She was self-conscious about her overbite and the slight gap between her front teeth. Nick loved it. What he was less fond of but also appreciated was her forthrightness: Phoebe's tendency to goad Nick, accuse him of settling too easily, accepting average outcomes for himself. When he didn't follow up on a production assistant gig for MSNBC in New York, she was livid and wondered aloud if his lack of killer instinct might be their undoing. She had rough edges.She had ambition and volatility that aroused Nick. She knew people: bouncers, managers, bartenders. She seemed to know everyone. They once brought home a friend of hers with the intention of having a three-way, but the girl got sick before anything happened and spent the night on the bathroom floor. Phoebe twisted his balls once during rough sex, and he spent an hour nude, in the fetal position, battered
by tsunamis of pain. She grabbed a blue gel ice pack from the freezer and tickled his back with her fingernails.

She could pull off any look: Nick's Mets cap and V-neck T-shirt and jeans or strappy little black dress from Bebe. She was the most gorgeous woman Nick had ever dated. She was tall and angular. On their couch (she moved in after five months), she ate ice cream from the container with an appletini, her phone constantly buzzing, someone always asking a favor: Could she cover a shift, pick a person up from Logan, let her crash on the floor for a night after a fight with the boyfriend? She always said yes. Favor asked, favor granted. Up and out the door. She knew Nick felt slightly intimidated, and she liked that, reveled in it.

Her father, the merchant marine, volunteer firefighter, and finally, driver for UPS, who left the family when Phoebe was twelve and had been in touch only three or four times, called her on September 12, 2001. It was the first time they'd spoken in six years, and the call lasted twenty minutes and ended with Phoebe in tears, her father still talking, cursing the women in his life, who were all leeches and takers. Within a week she'd applied for a job as an FBI agent.

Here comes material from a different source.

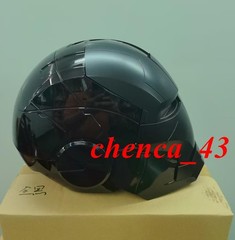 US Now!!! Black Iron Man MK5 Helmet Deformable Voice Control Wearable Mask Boxed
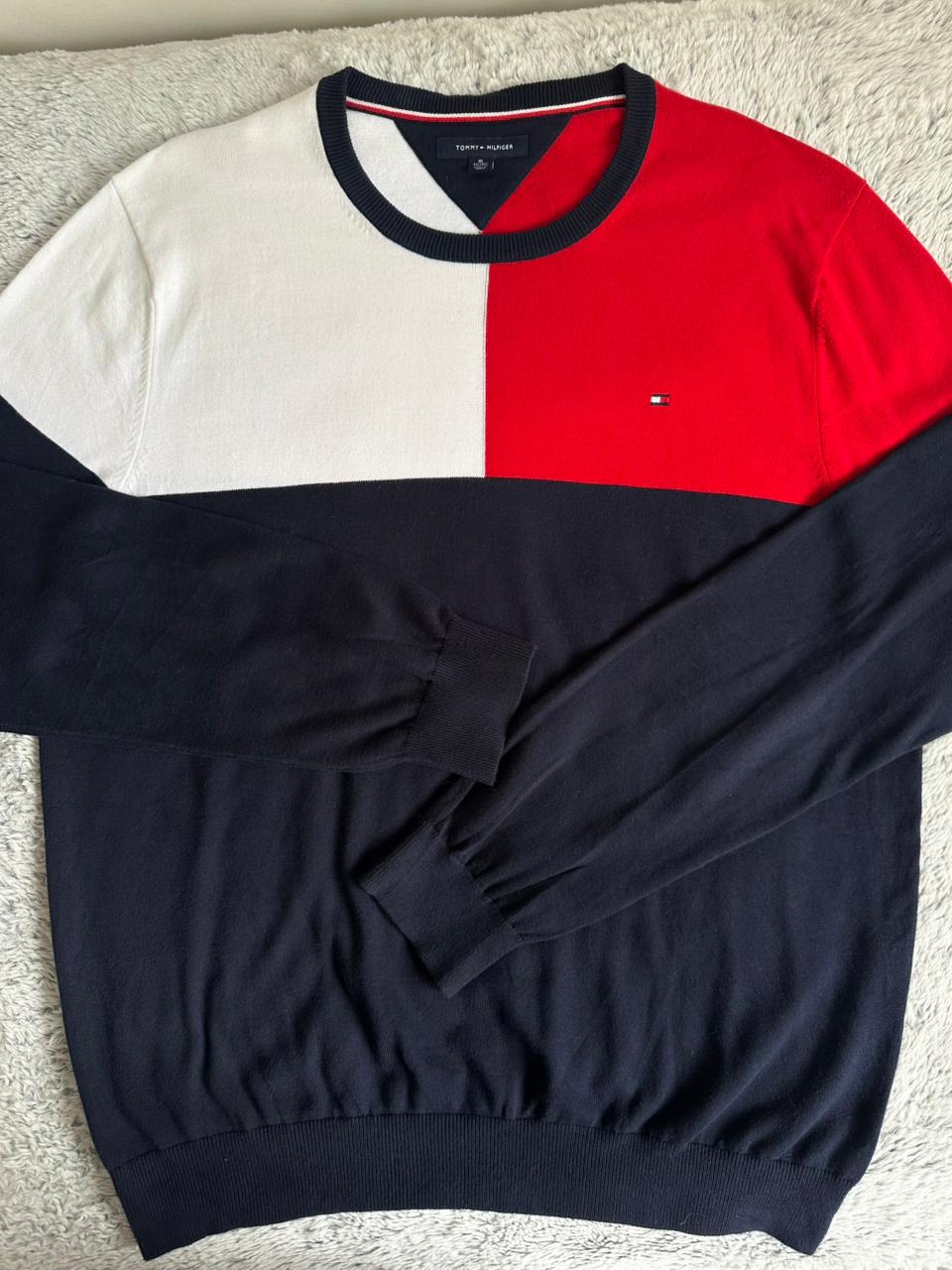 Pull TOMMY HILFIGER Taille XL Spot-Chic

She trained relentlessly: On days when she bartended the lunch-to-close shift at the boutique hotel in the city she woke up at six thirty to get to the indoor pool to swim, lift weights, run a few miles. Nick called her “Special Agent” and bought her a fake badge. They drove to a shooting range and blasted holes through Osama bin Laden. She ate a Paleo diet: leafy greens, nuts, and fish. She cut her hair shorter than Nick liked, but he was so turned on by the whole mission that it didn't matter. Nick would come on her as she clenched, and he'd watch it slide down the smooth surface of her taut stomach. But Phoebe's pursuit of a career in law enforcement sputtered. Dark winter mornings made getting out from under the covers with Nick more difficult. More shifts were available at the bar, and they needed the money, so she took them. Worked later, slept more. Her hair grew back. She craved Pasta Mia and Belgian waffles for Sunday brunch at the diner. Nick didn't mind. There was no shortage of adventure, she said. They'd find another mission.

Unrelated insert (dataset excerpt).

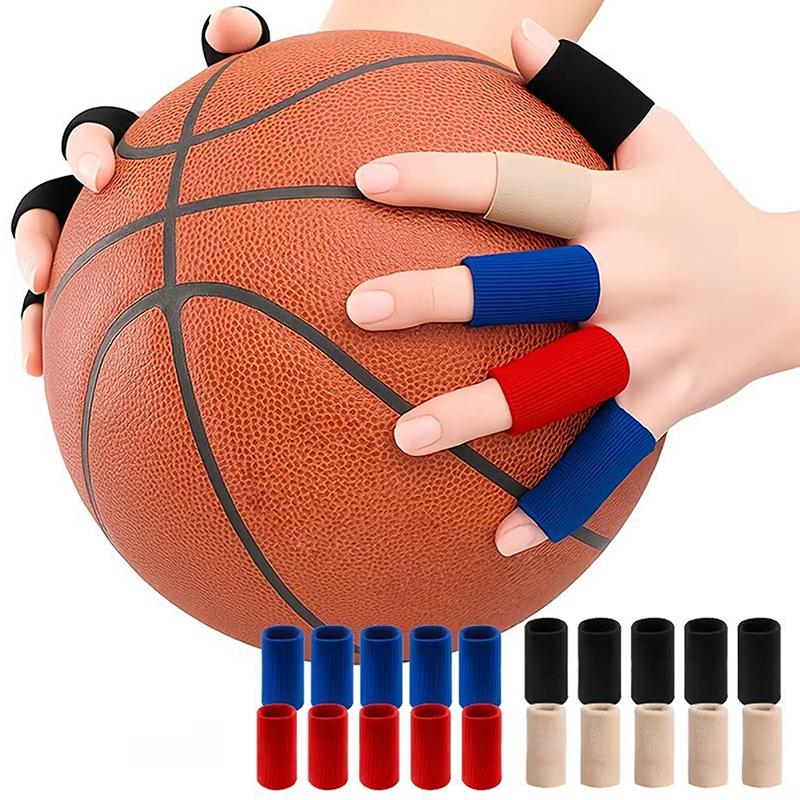 10Pcs Finger Sleeves, Finger Compression Sleeves, Finger Sleeves, Compression Finger Sleeves, High Elasticity And Breathable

“This is going to be fun,” Nick said when he asked her. They were twenty-six. It was the weekend after Labor Day. They'd driven to the
Cape. He had an artsy handcrafted silver ring with an emerald-green stone that cost ninety dollars. They'd each gotten a week off from their jobs: By then Nick was at a small PR firm with mostly commercial clients, and Phoebe had just completed orientation for new hires at an investment firm downtown. She was meeting partners, she told Nick. The first week. She was having lunch the next week with a senior manager. She was making an impression. She worked insane hours. She was up at five thirty, at the office by seven. She had a new mission.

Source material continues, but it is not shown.